St Patrick's Roman Catholic Church in Grangetown, Cardiff, is part of the Cardiff West Deanery of the Roman Catholic Archdiocese of Cardiff-Menevia. It opened on St Patrick's Day 1930.

==History==
There has been a St Patrick's Church in Grangetown since 1882, adjacent to St Patrick's School. A Memorial Hall was built in 1921. Plans were set in motion in 1928 to build a new church, on the site of allotments of two parishioners. The foundation stone was laid on St Patrick's Day 1929 and the church was opened exactly one year later.

== Activities ==
- Parish coach trips to places around Britain take place throughout the year.
- The parish make an annual pilgrimage to Lourdes.
- Parish Council meetings take place every quarter.

===Church groups and ministries===
- Society of Saint Vincent de Paul meet every other week on Friday at 18:30hrs in the presbytery.
- Guild of St. Stephen (Altar Servers)
- Ministers of the Word
- Extraordinary Ministers of Holy Communion
- Children's Liturgy
- Parish Council
- Parish Advisory Council
- Union of Catholic Mothers
- Rite of Christian Initiation of Adults
- Offertory group
- Choir
- Cathechism

== Recent events ==

It has been proposed that the current parish hall in Bishop Street be demolished to make way for a new health centre to serve the whole of Grangetown.
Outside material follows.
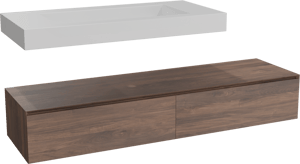 Balmani Mitra Elements hängendes Möbelstück Set: 180 x 55 cm, Amerikanischer Nussbaum mit Modus Einzelwaschtisch für 2 Armaturenlöcher 120 cm, Solid Surface Weiß matt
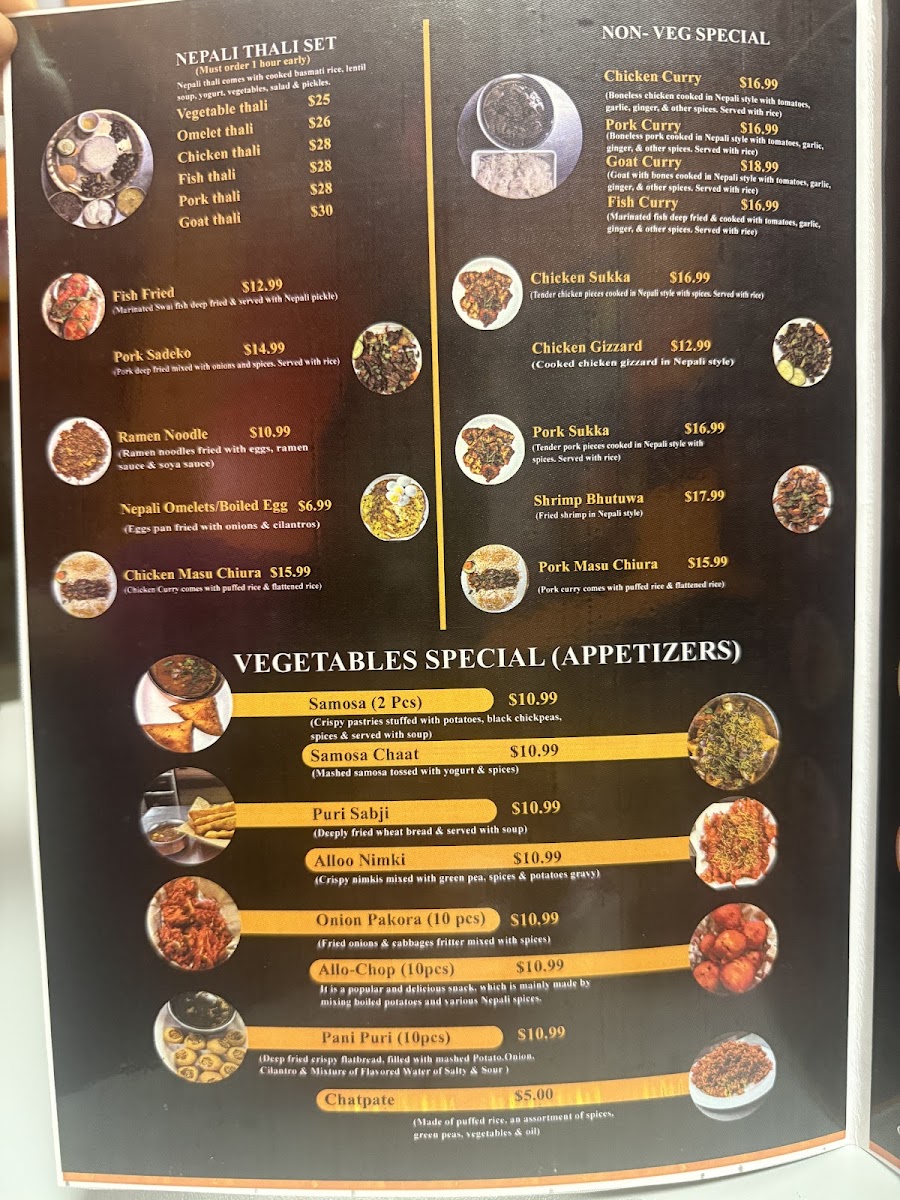 Nepali Restaurant INC [Omaha] menu board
It has arisen, however, that this cannot take place due to a group of bats (a protected species in Britain) that live in the roof of the hall. Designs have been made for a new hall to be built next to the church, meaning a removal of the lawn.

Due to the reorganisation of the archdiocese, St. Cuthbert's Parish in the Docks will become part of St. Patrick's.
Also, the church became part of the Cardiff Deanery instead of the Cardiff West Deanery. (The new deanery merged both the old Cardiff East and West deaneries.)

Long serving priest, Father John Fahey, died on Christmas Eve in 2008. He was succeeded by Father Bogdan Wera in 2008 – who revived the church with a growing Polish community. Father Bogdan died in September 2017. The church has now been joined by Canon Michael Patrick Evans.

== School ==

St Patrick's R C Primary School in Lucknow Street, Grangetown has close links with the church. A school mass is celebrated once a month in the church and sometimes in school during term times. The school has around 250 pupils aged 4–11 (Reception – Year 6) and around 15 teachers, as well as non-teaching staff including teachers aids and admin. The school feeds to the Catholic high school, Mary Immaculate, in Ely.